Tips on How to Avoid Bad Freelance Clients
Raise your rates
The first tip is to avoid charging the bare minimum since doing so only attracts the worst possible clients. If you think this will drive away good clients, think again. It's a fact that good clients who are looking for good freelancers for their projects will steer clear of freelancers who charge the lowest rates.
Additionally, Upwork reports that over 40% of skilled freelancers have raised their rates between 2019 and 2020, so it won’t be unreasonable for you to do the same.
Underpromise and overdeliver
This is a great tip for a successful freelance career. By underpromising, you're setting yourself up for success, and by overdelivering, you're ensuring a happy client.
Ask all the necessary questions
Don't jump into contracts before being 100% satisfied with your client's expectations and the rate you proposed to them. If there's even one thing that seems amiss, make sure to always ask.
Having clarity from the beginning on issues like these will help avoid unnecessary problems later on.
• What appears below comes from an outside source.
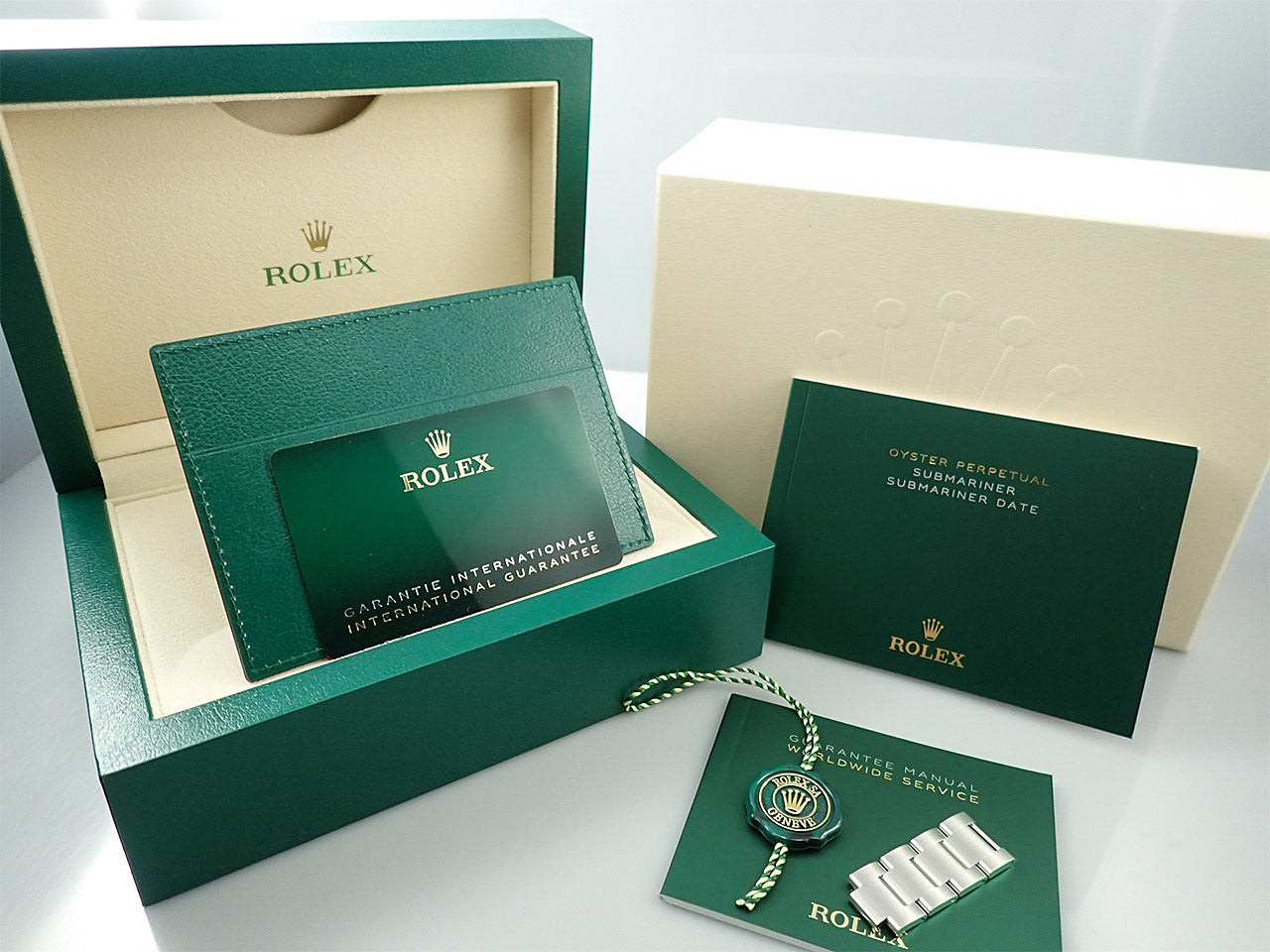 Rolex Submariner Date &lt;Warranty, Box, etc.&gt;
Look at past reviews from other freelancers
If your client comes from a reputable freelance site like the ones mentioned above, don't miss the opportunity to check out their history on the platform. Ratings and comments from other freelancers are a rich source of information that may end up tilting the balance in either direction.
Trust your instincts
The warning signs we covered before are only that: warnings, something meant to alert your senses. However, in the end, you should weigh everything you discuss with a client during interviews, in messages and trust what your gut tells you before deciding if it's worth the shot.
The bottom line
Freelancing can be a great way to make money, but it's important not to let your guard down and take all clients indiscriminately. The difference between an excellent freelancer and one struggling with bad freelance clients may come down to the early warning signs we discussed in this article. By identifying these red flags upfront, you'll avoid getting into sticky situations that could cost you time or reputation later on when dealing with difficult clients.